He also pointed to a frequent anomaly in U.S.-Mexico trade: “Fresh Mexican mangoes go to the United States and are then sold back to us as canned mangoes. We export cows and cow carcasses to the United States and they sell them back to us as packaged cuts.”
Further drawing scrutiny and causing confusion among Mexican Trump-watchers, some of his campaign promises, including the one to build a wall along the U.S.-Mexico border, are undergoing mutations.
“The day after the election,” noted a thirtyish Guadalajara business owner, “one of his people said, ‘Maybe instead of a wall, we’ll build a fence. We’ll see.’”
Former foreign minister Castañeda has unabashedly labeled Trump’s wall a hostile act and lambasted Mexican President Peña Nieto’s weak reaction to the proposed structure (asserting, incidentally, that Mexicans could easily be forced to pay for it by increasing visa fees, tolls on border bridges and fees on monetary remittances from the U.S to Mexico.)
Yet Castañeda underscored in a recent interview with Aristegui Noticias that, “along the 2,000 kilometers of our common border, there already exist 700 kilometers with barriers.”

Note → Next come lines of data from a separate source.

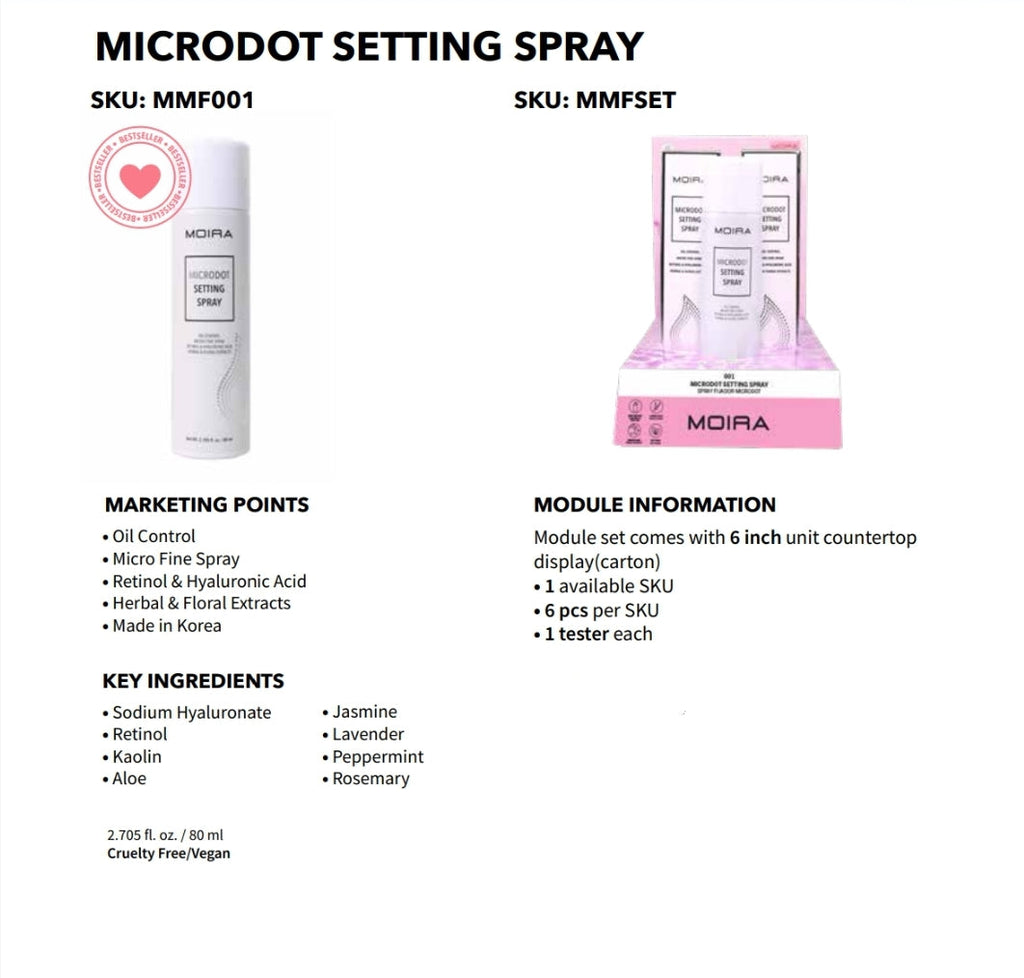 MOIRA Microdot Setting Spray MMFSET w/Display  6pcs Display  + Tester
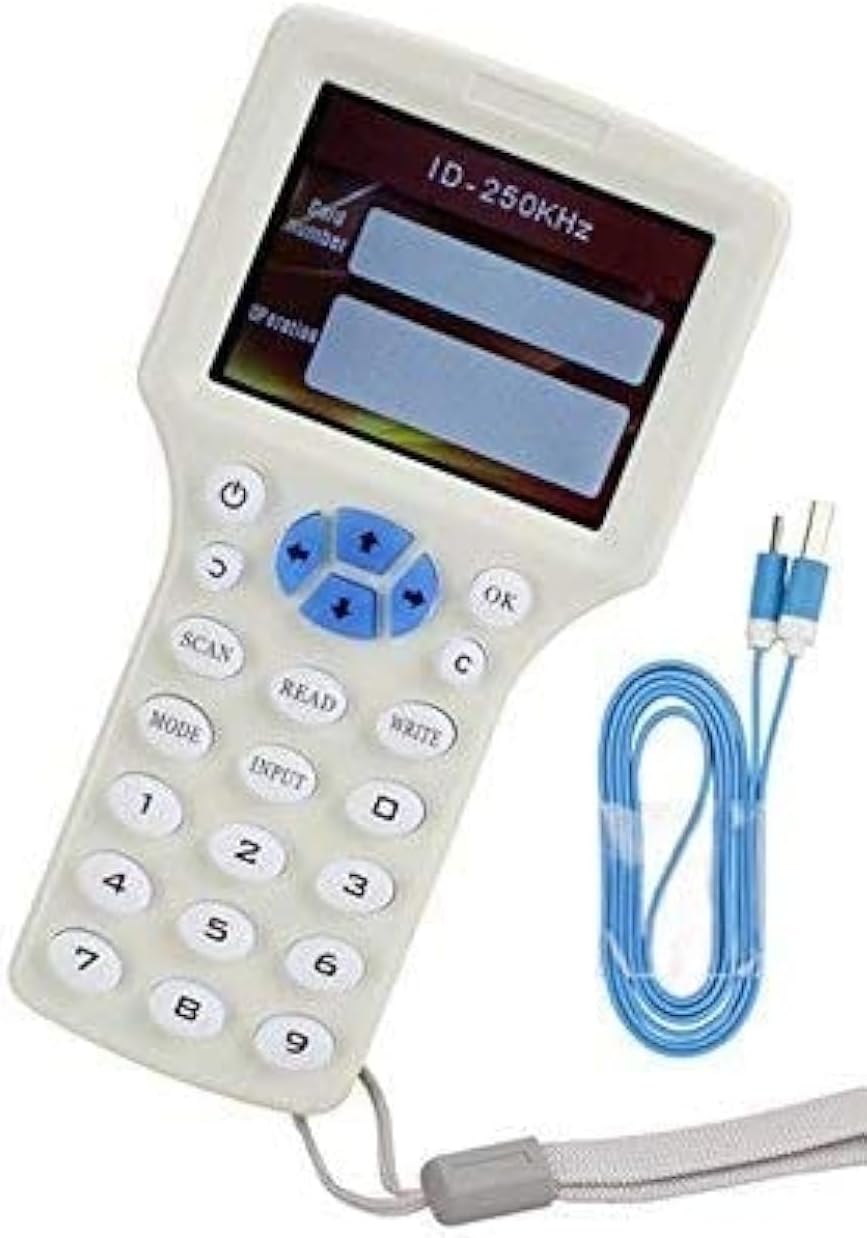 English 10 Frequency RFID NFC Card Copier Reader Writer for IC ID Cards and All 125kHz Cards +13.56mhz UID Key +1USB+2cards
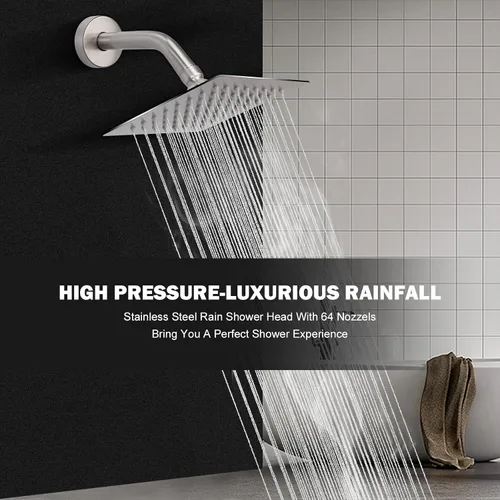 Miniatura 6 de Nearmoon - Cabezal de ducha de lluvia, diseño cuadrado de acero inoxidable de alto flujo, alta presión, experiencia de ducha impresionante incluso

Rangel echoed this observation and focuses on the absurdity of the proposed wall. “This is no big news for Mexico. A wall already exists on much of the border, made of mesh, wire, panels and cameras. Trump wants to build a concrete wall. The funny thing is, a lot of Mexicans want to work on it. There’s a whole industry at the border built on illegal immigration — people providing lodgings, a mafia. The more prohibitions, the more mafia. If they build more wall, there will be more tunnels.”

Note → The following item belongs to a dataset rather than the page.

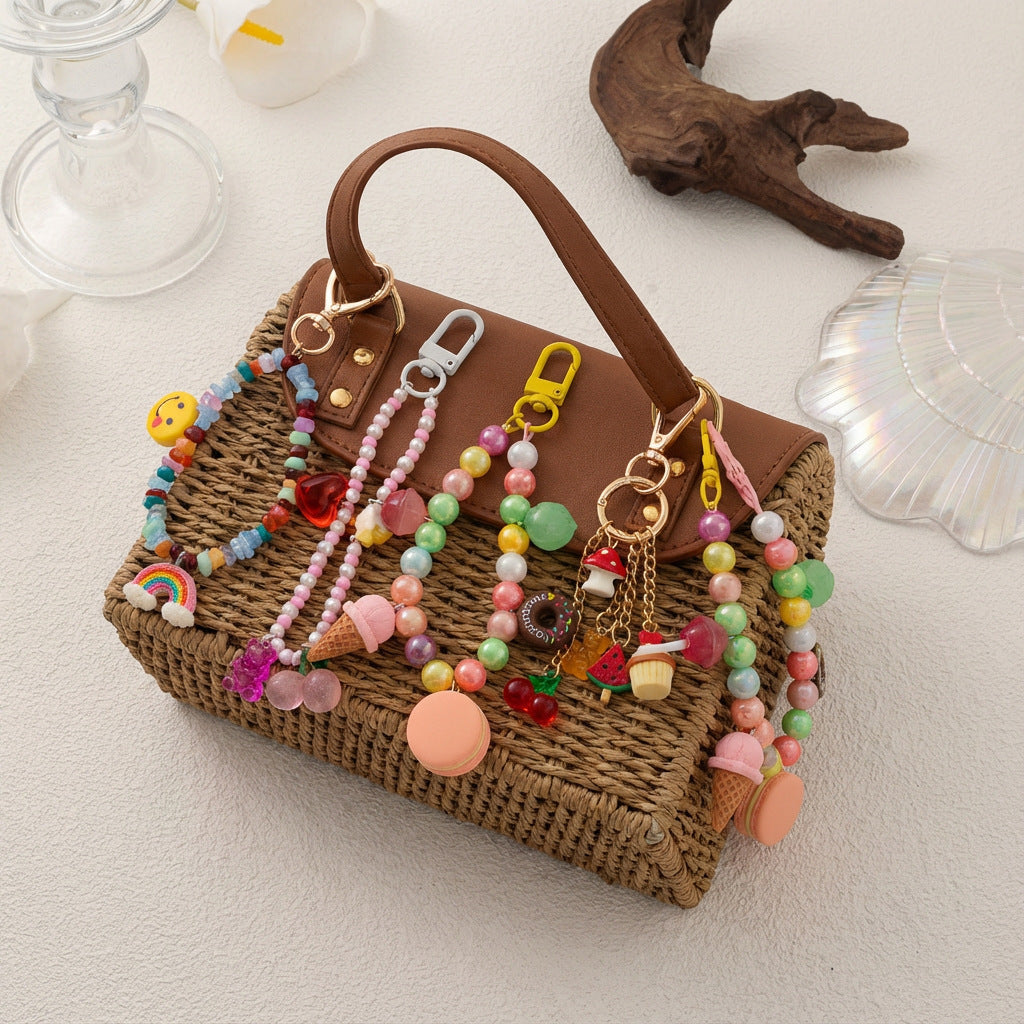 Sweet Colorful Acrylic Food Shape Keychain with Plated Finish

Castañeda depicted other unforeseen results.
Writing in the New York Times, he said that with more wall, “the cost and danger of crossing without papers would rise, making smuggling even more lucrative for organized crime syndicates.”
With more prohibitions, individuals “no longer … simply wade across the Rio Grande,” agrees Kurt Eichenwald in Newsweek. “Instead, they … turn to the ruthless gangs” who charge “large sums for each person crossing … a huge enterprise, earning as much as US$6 billion a year.”

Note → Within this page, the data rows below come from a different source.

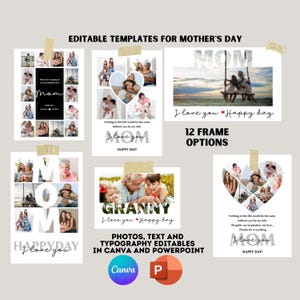 Mom photo collage customizable Printable Mother's Day gift 12 variants Gift for mom Picture with message, Editable in Canva and Powerpoint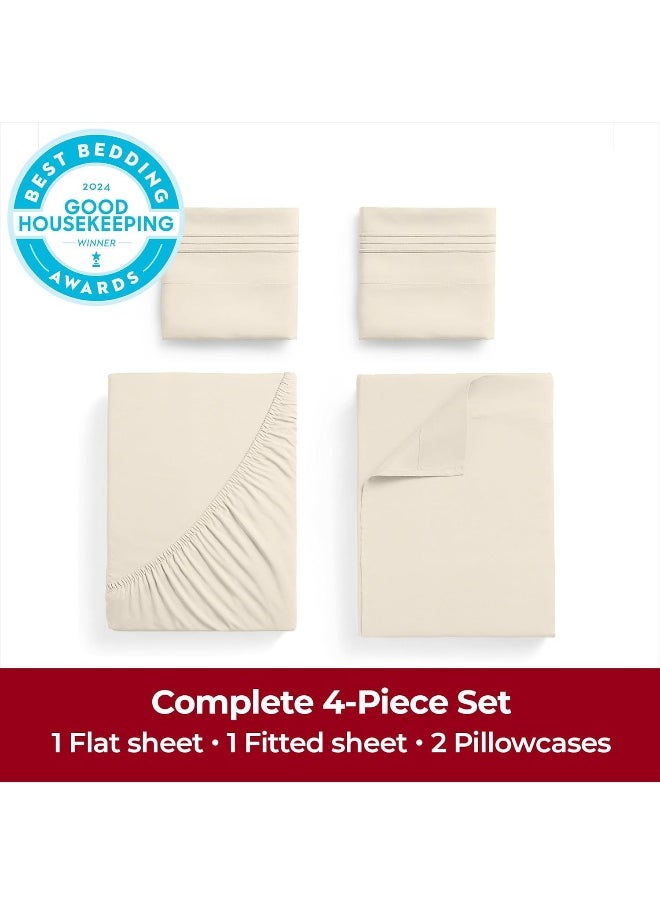 Mellanni Queen Sheets Set - 4 PC Iconic Collection Bedding - Hotel Luxury, Extra Soft, Cooling Bed Sheets - Wrinkle, Fade, Stain Resistant (Queen, Golden Ivory)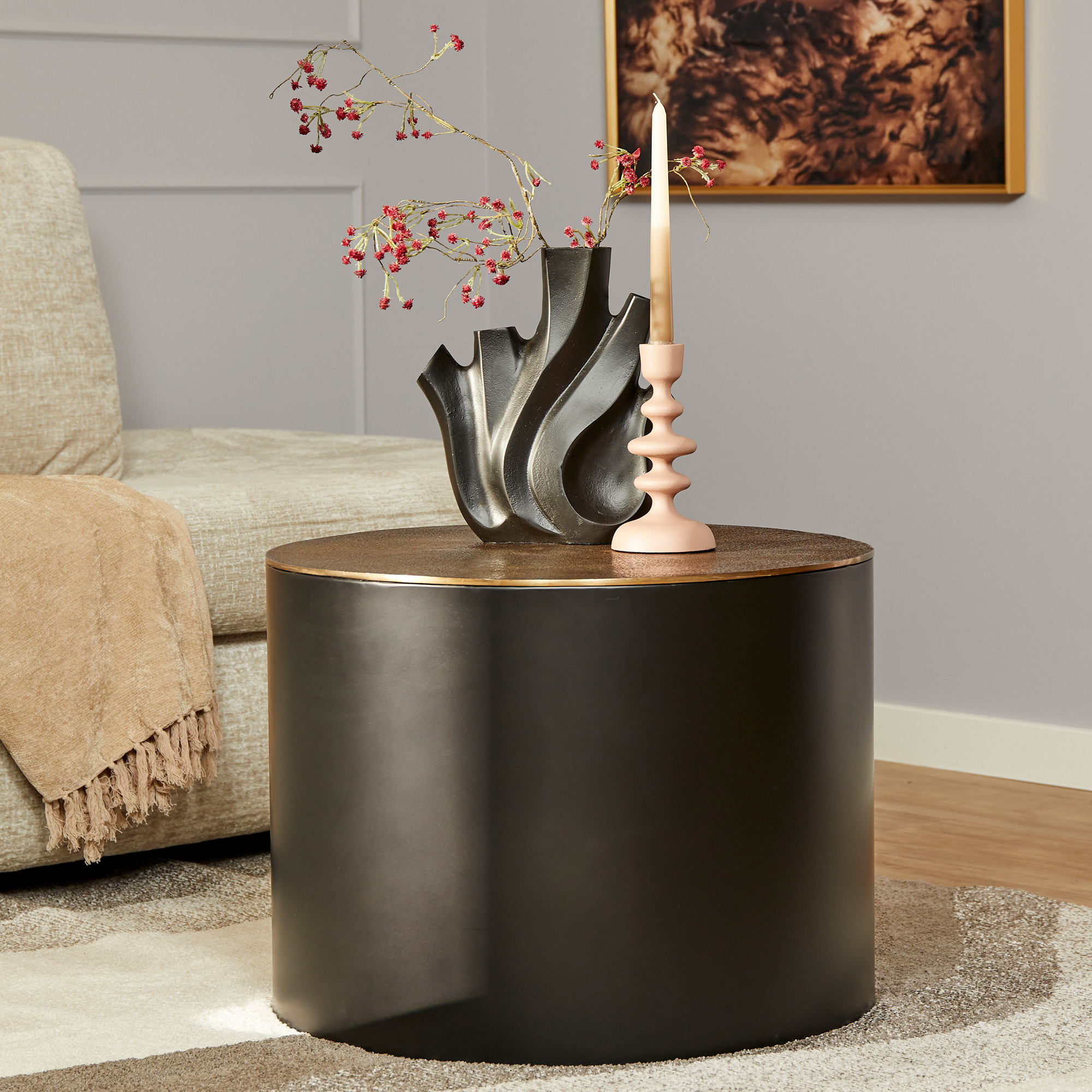Salontafel Fiore Zwart Aluminium 60 cm - Image 1
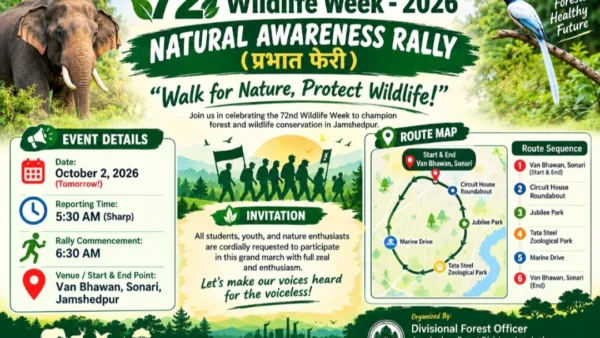 Wildlife Week 2026: Jamshedpur to host Nature Rally on October 2
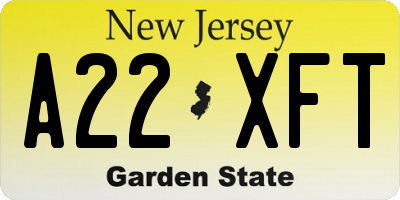 NJ license plate A22XFT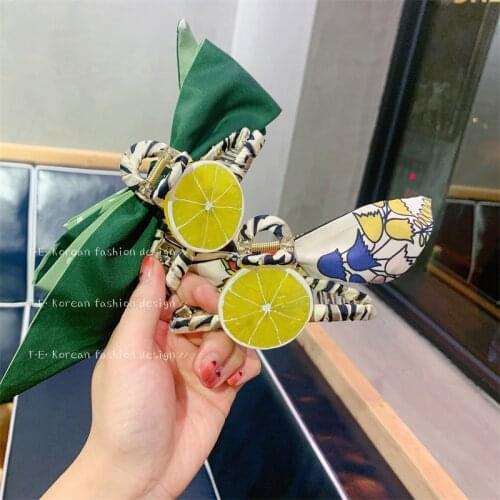 Retro elegant lemon slice hairpin back head plate hair catch clip female summer bow headdress large shark clip Grab Clip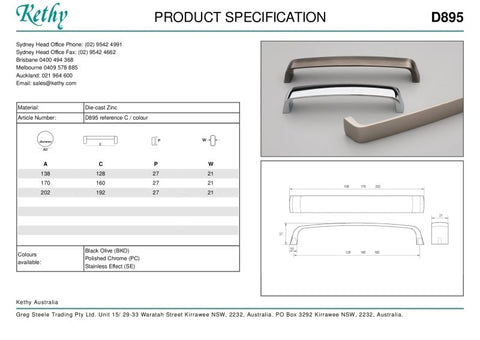 KETHY D895 CABINET CROMER HANDLE 192MM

As for the deportations threatened by Trump, many Mexicans say that issue is similarly marked by misconceptions and unforeseen consequences.
“Obama is the president who has carried out the most deportations in history,” said Rangel. Castañeda agrees. Under Obama “some two million people” were deported, he writes.
However, if Trump deports 11 million undocumented immigrants in the United States (as estimated by Castañeda) or even just immigrants with criminal histories, this would ratchet up the criminal environment near the border.
“If they’re deported, the index of crime at the border goes up and they’ll need money,” said the executive. “That will be the first problem for Mexico after Trump arrives at the White House.”